In today's enterprise world it is likely that when developing in python there will be a need to have multiple versions of python living on a system in parallel. There are a number of solutions to manage multiple versions on the same machine: *conda (miniconda, anaconda, etc.), different install directories, and pyenv to name a few.
I have found that the conda style setups can be heavy weight and introduce their own package management interfaces. I am not a big fan of having to bounce between the two or providing the option to those that are not as technically savvy. In my experience, this has always ended up very messy.
The manual setup of different install directories is a solution that requires more manual intervention from setting the PATH correctly, installing new versions, and providing instruction on how to use each version. This easily leads to different methodologies being used between the more advanced users and the less advanced users.
Pyenv is light weight in that it is purely implemented in bash. It provides an interface for creating virtual python environments and installing different python versions along side one another. The project states that it "follows the UNIX tradition of single-purpose tools that do one thing well." Through my use, I have to agree that it succeeds there.
The one short coming that pyenv has is it is focused more on a single user environment, which for the individual developer is perfectly fine. In the enterprise realm, it is often desired to have a unified development environment when working on projects to limit the number of third party libraries in use, keeping internal libraries synced, and knowing that each developer's environment is the same to eliminate the "it worked on my system" retort.
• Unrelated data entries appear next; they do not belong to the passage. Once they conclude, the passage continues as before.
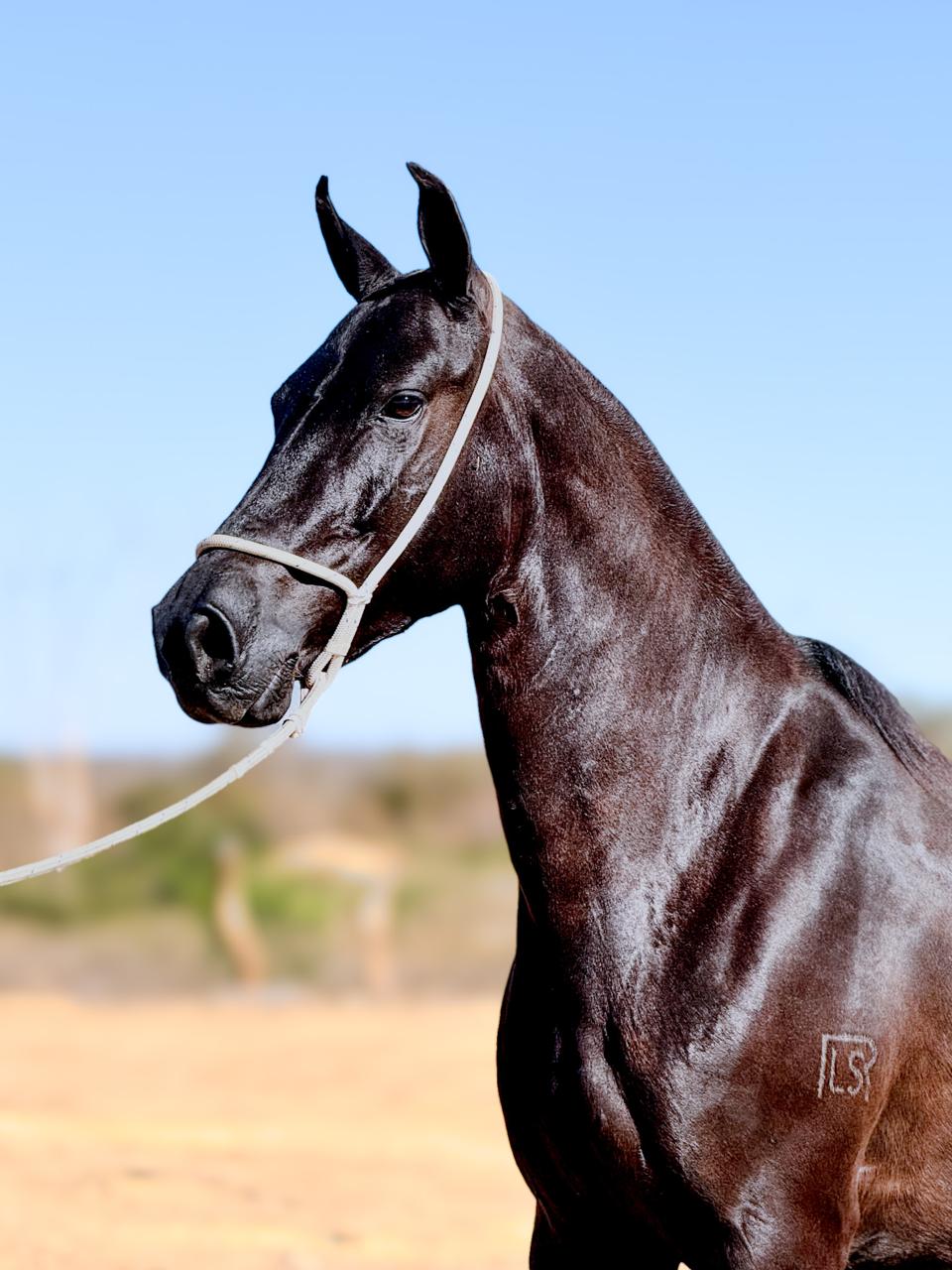 Cigana Pintado Baiano whatsapp image 2025 11 17 at 22.58.33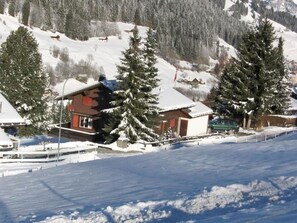 Neige, Montagne, La Nature, Pente, Arbre, Maison, Gelé, Mélèze, Suppression Des Plantes Ligneuses, Bâtiment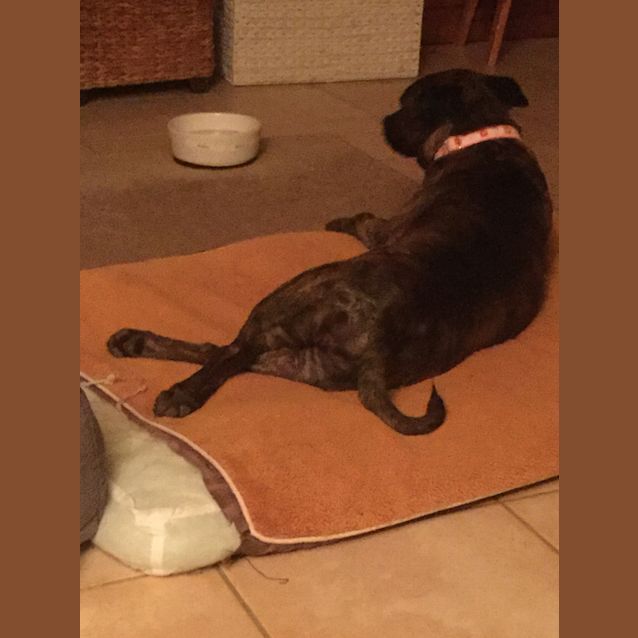 Photo of Risi ... Doesnt Chase The Cat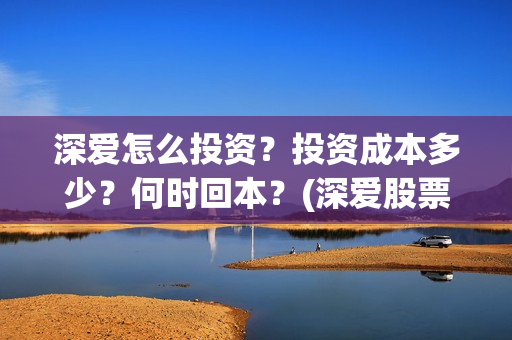 深爱怎么投资？投资成本多少？何时回本？(深爱股票833378)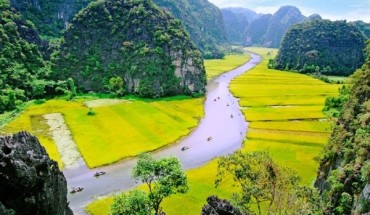 Cánh đồng lúa Ninh Bình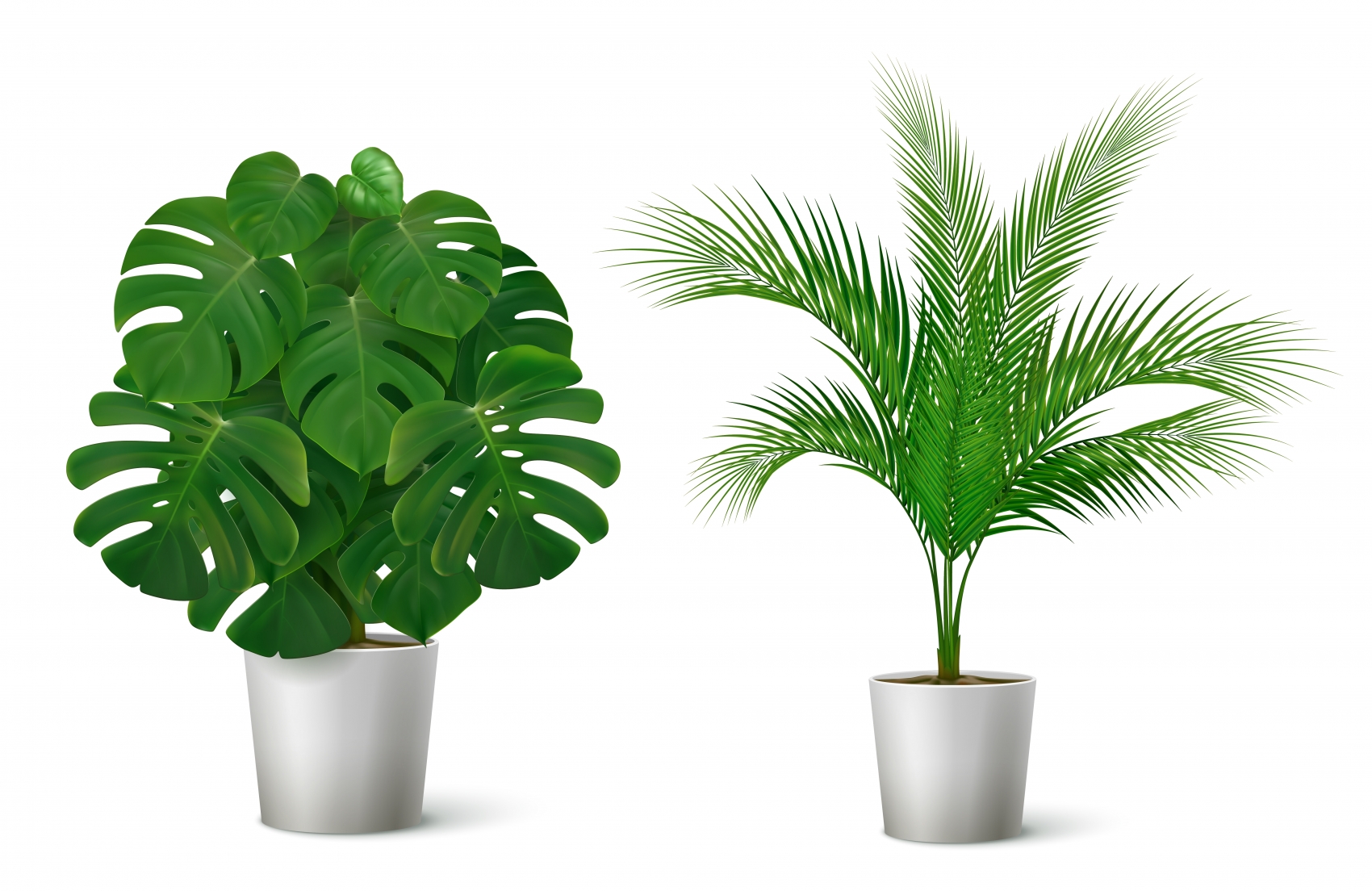盆栽绿色植物素材下载 欧莱凯设计网 08php Com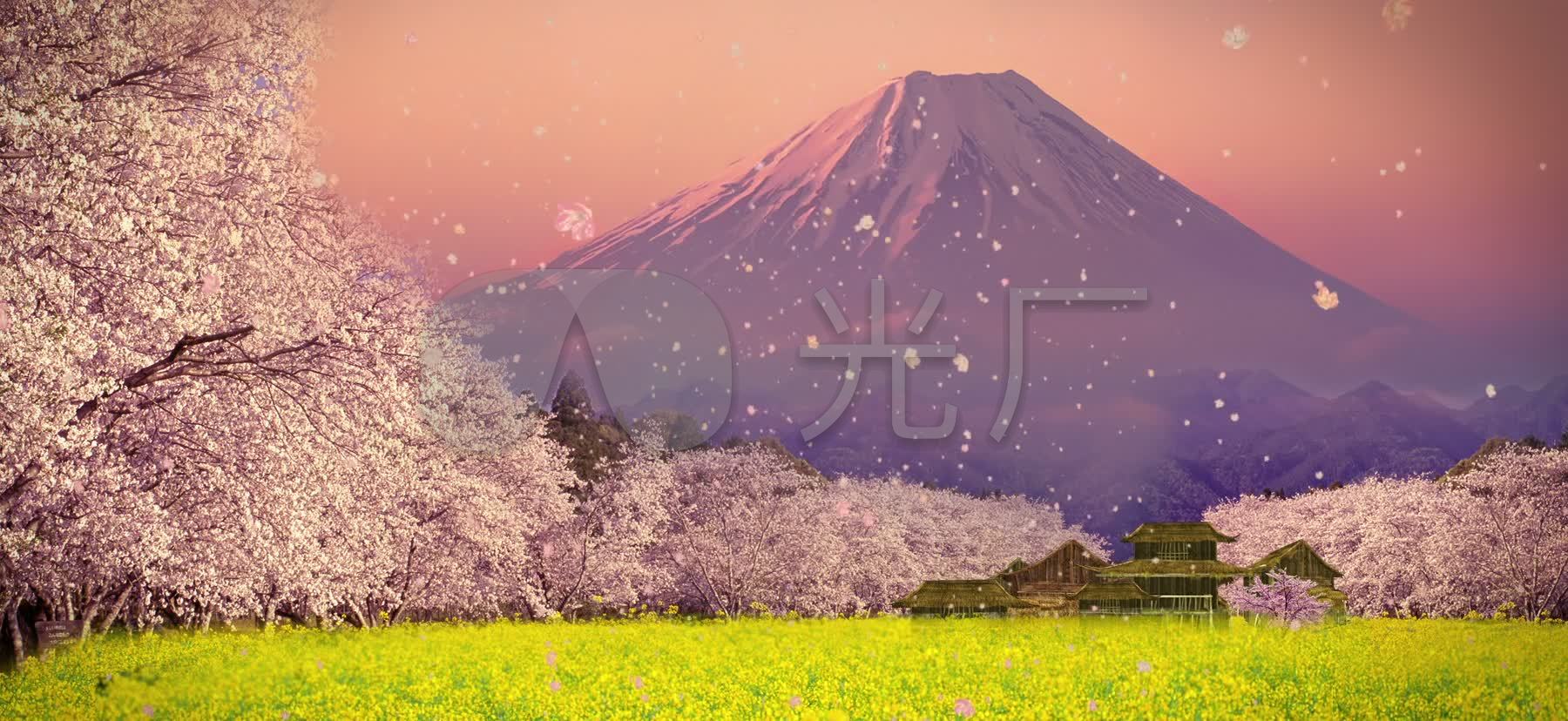 日本富士山樱花唯美_1800X828_高清视频素材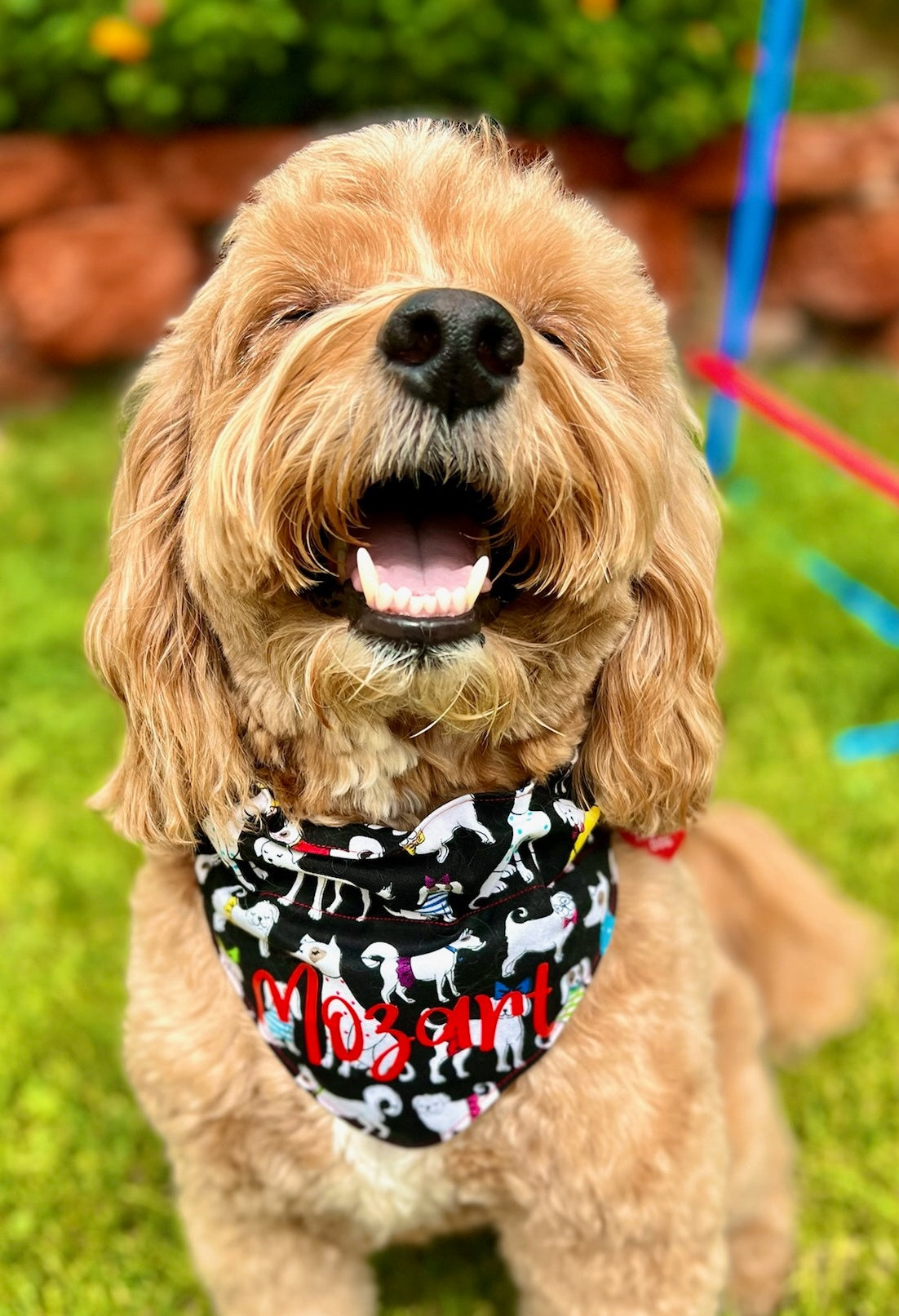 Dapper Dogs Pet Bandana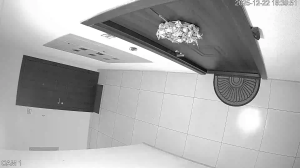 Caméra IP - Ucrania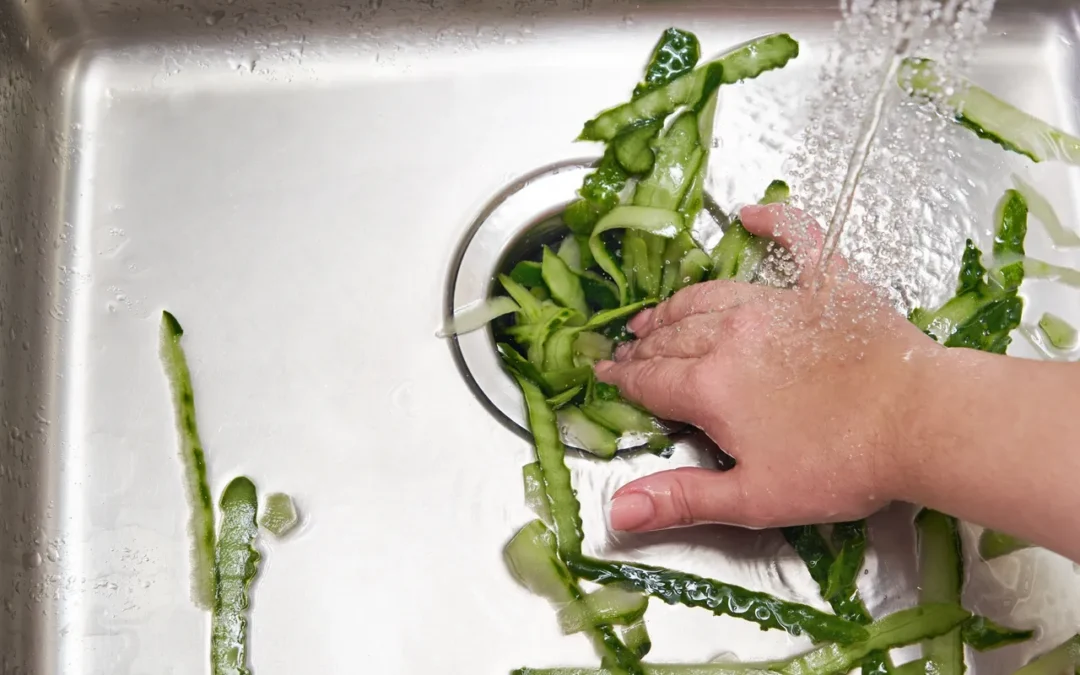 Home Watch Service Blog – Garbage Disposals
I introduced pyenv to my team as a solution for version management as well as python virtualenv management. The early adoption work went smoothly and there were no apparent issues, but the number of users and projects being worked was small. Often the users were working on the same project and using the same environments and it was not until we started to use pyenv on a wider scale that issues arose.
Incidences of file locks crept in as more virtual environments were setup and started to be used. Then there was the issue of activating an environment and suddenly your binaries changed from underneath you because another user activated a drastically different environment.
These issues were due to the "shims" directory being shared across all users. When an environment was activate, the shims directory would have the binaries updated to the latest activate environment binaries or in the case of the file lock issue, not updated at all. This is where the pyenv-multiuser plugin was originated.
This plugin resolves the shared shims directory issue of pyenv. It does this by make some modifications to the pyenv base code regarding where it looks for and where it sets up the shims. The shims directory becomes local to the user. With the shims directory now under the user's control and not shared the file lock issue is resolved. The binaries under the shims directory issue is resolved. At least in part as the user could technically open a secondary shell and source another environment and cause issues for themselves.
One may be wondering, why make a plugin rather than alter the pyenv code? This is a good question. I opted to make a plugin because it would not change the way most users work with pyenv, which is in the single user space. This, unfortunately, is not completely avoidable.
As I mentioned earlier, the plugin makes changes to the pyenv code anyhow. There is another plugin pyenv-update which performs updates on pyenv and any installed plugins.
This is basically doing a pull from the git repositories. Since this plugin makes changes to the code, the local repository is dirty and thus cannot perform the pull. In order to account for this, an update command was implemented in the pyenv-multiuser plugin.
pyenv multiuser update
This command restores backed up versions of the files that were changed prior to executing the standard pyenv-update command. After the update is complete, the plugin creates new backups and re-applies the code changes.
Using the plugin approach, it should be easier to account for issues like these with other plugins as they may arise.
Currently, I have deployed this within my company's development environment. I expect to see issues come up as more users and projects interact with it.